Deep Learning

Frameworks: PyTorch vs TensorFlow

2019. Google openly concedes PyTorch is winning in research and ships TensorFlow 2.0 with a completely redesigned API. Tesla Autopilot migrates from TF to PyTorch. Hugging Face builds its entire hub on PyTorch. The outcome looks decided. But TFLite runs on 3 billion mobile devices, and TF Serving anchors production at Google - nobody is moving that.

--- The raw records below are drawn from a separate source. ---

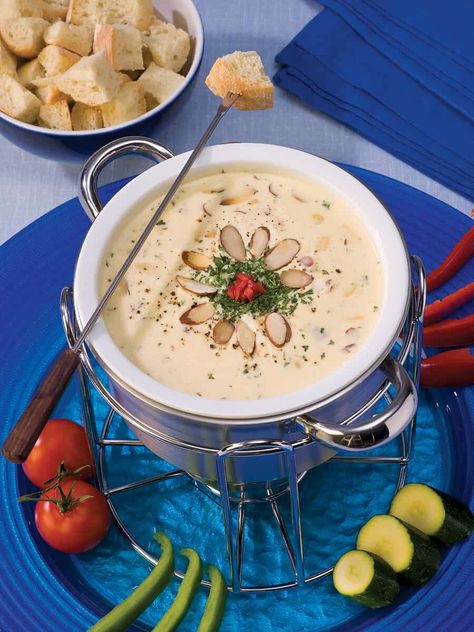 Cheese Fondue Recipes, Brie Fondue, Brie Cheese Recipes, Dip Recipes Appetizers, Fondue Party, Fondue Recipes, Chocolate Cheese, Brie Cheese, Appetizer Salads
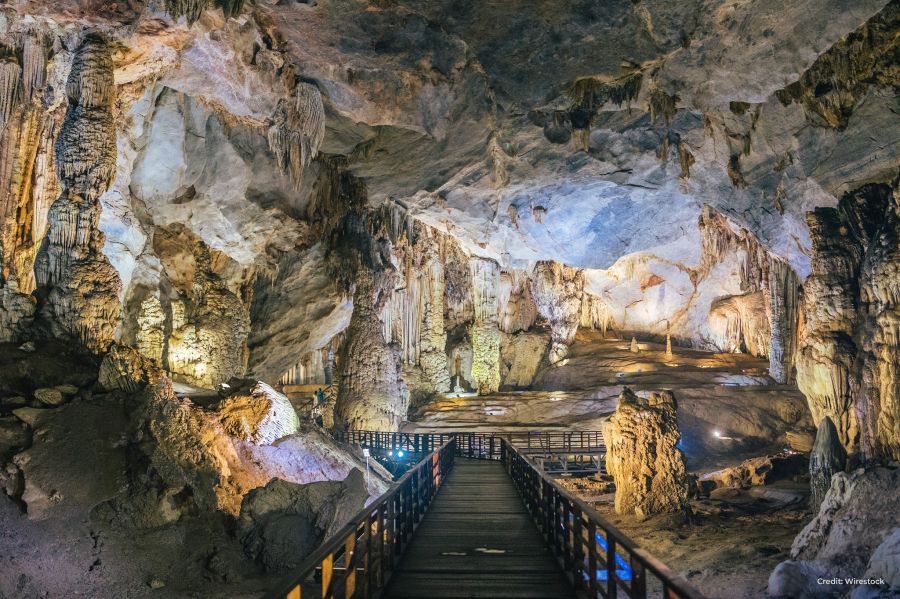 Paradise Cave in quang binh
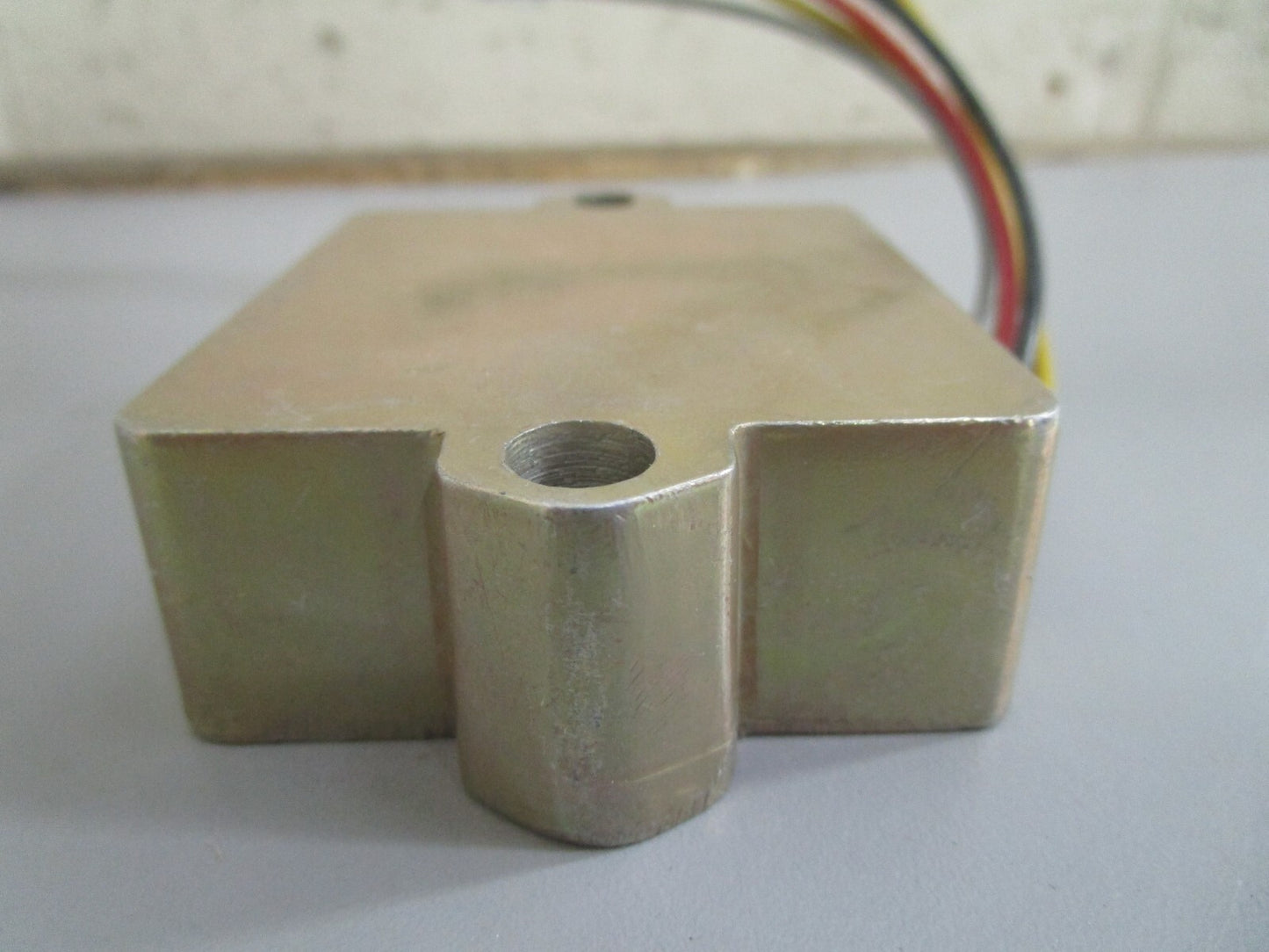 *NEW OEM* 0820 Mercury Quicksilver Voltage Regulator 883071A1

**Meta (Facebook):** PyTorch powers the recommendation system handling one trillion inferences per day
**Google:** TensorFlow runs in Search, Gmail, Google Photos, YouTube - billions of requests daily
**Tesla Autopilot:** started on TensorFlow, migrated to PyTorch - an instructive industry migration story

Soumith Chintala and the fight for the dynamic graph

In 2016 Soumith Chintala at FAIR wrote PyTorch in a few weeks, pulling ideas from Torch (a Lua library) and Chainer (a Japanese framework with define-by-run). The whole FAIR team agreed: researchers do not want Sessions and placeholders - they want to write Python. The intuition was right. Within two years PyTorch took the top spot in academic publications. The classic ML pattern: the most ergonomic tool wins, not the most capable one.

Предварительные знания

Backpropagation: How Neural Networks Learn

PyTorch: define-by-run

**January 2016. Facebook AI Research drops PyTorch** - a framework that flipped the script on what neural network code should look like. Instead of describing a computation graph in a custom language (as TensorFlow 1.x demanded), PyTorch let neural networks be written as plain Python. The approach is called **define-by-run**: the computational graph is built on the fly during every forward pass.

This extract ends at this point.